A young reporter? Why, that's me folks! Well I must be if the good people at the Olympic Broadcasting Service have invited me again to join their commentary team for the Second Summer Youth Olympic Games.
Here I am at aged mumbly-mumble (you can work out my age from elsewhere on this website! [...but i have a Winston card!]) I am waiting to board my flight to Guangzhou then onto Nanjing in the People's Republic of China. Ahead of me is, obviously, another commentary assignment but there are many parts of this trip which will be like a journey into the unknown.

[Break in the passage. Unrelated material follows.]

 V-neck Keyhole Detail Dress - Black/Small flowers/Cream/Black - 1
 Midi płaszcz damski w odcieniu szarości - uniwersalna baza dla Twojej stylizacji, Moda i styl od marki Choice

For a start I have never been to Nanjing before and I have never been to a Youth Olympic sports festival. I am sustained by my experiences at other Summer Olympics and Commonwealth Games I have been to so I am hoping that will be something I will quickly be accustomed to.
But 5000+ 'Youth' athletes competing in 28 Olympic events? I wonder how I'll go. There's little knowledge by reputation that I can see of any of the competitors - they simply haven't been around long enough in their 14-18 year sports lives to be really famous. So we'll see.
On my schedule is commentary on rugby sevens (it is making its debut into the Olympic programme in Nanjing and not quite in Rio in 2016 as everyone has been saying): I'm also down to do weightlifting and tennis; four days at each of those three sports.So anyway; here goes with my first infomation for you; below are the details of the full rugby sevens programme - but strangely there are no New Zealand boys or girls rugby team taking part; I'll find out why for you in the next few days. Stayed tuned here at www.keithquinnrugby.com
And if you're in New Zealand go to Sky TV's SkySports Channel and watch our coverage day in day out for the 16 days of competition.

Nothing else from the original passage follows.